Scheduling is regarded as an important research area in computational systems. This issue in the Hadoop is particularly important for achieving higher cluster performance. Therefore, several scheduling algorithms have been proposed for this purpose [7, 8]. Hadoop has three default schedulers: FIFO, Fair and Capacity. What follows is a brief description of FIFO and Fair algorithms and as well as their positive and negative points.
FIFO scheduler
The FIFO scheduler places applications in a queue and runs them in the order of submission. Requests for the first application in the queue are allocated first; once its requests have been satisfied, the next application in the queue is served, and so on. It will not allocate any task from other jobs if the first job in the queue still has an unassigned map task. This scheduling rule has a negative effect on the data locality, because another job’s local tasks cannot be assigned to the slave node until all map tasks of the previous job are completed. Therefore, if there is a large cluster that executes many small jobs, the data locality rate could be quite low. FIFO scheduler has many limitations such as [6]: Most importantly, FIFO scheduler is not suitable for shared clusters. Large applications will use all the resources in a cluster, so each application has to wait its turn.
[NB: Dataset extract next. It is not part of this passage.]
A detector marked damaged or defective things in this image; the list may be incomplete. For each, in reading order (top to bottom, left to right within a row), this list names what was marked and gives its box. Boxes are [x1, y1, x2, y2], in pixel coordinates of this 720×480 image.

On a shared cluster, it is better to use the Fair scheduler.
Fair scheduler
Fair scheduling is a method of assigning resources to jobs such that all jobs get, on average, an equal share of resources over time. The objective of the Fair scheduling algorithm is to carry out an equal distribution of computing resources among the users/jobs in the system. The scheduler actually organizes jobs by resource pool, and shares resources fairly between these pools. By default, there is a separate pool for each user. The Fair Scheduler can limit the number of concurrent running jobs per user and per pool. Moreover, it can limit the number of concurrent running tasks per pool. The fair scheduler schedules and organizes jobs into pools, where each pool has guaranteed capacity and the fair scheduler can limit concurrent running job per user as well as per pool. Jobs scheduler schedules the job using either fair sharing or first in first out and assigns the minimum share to pools. The most negative point of this algorithm is that it does not consider the job priority of each node, which could be considered an important disadvantage.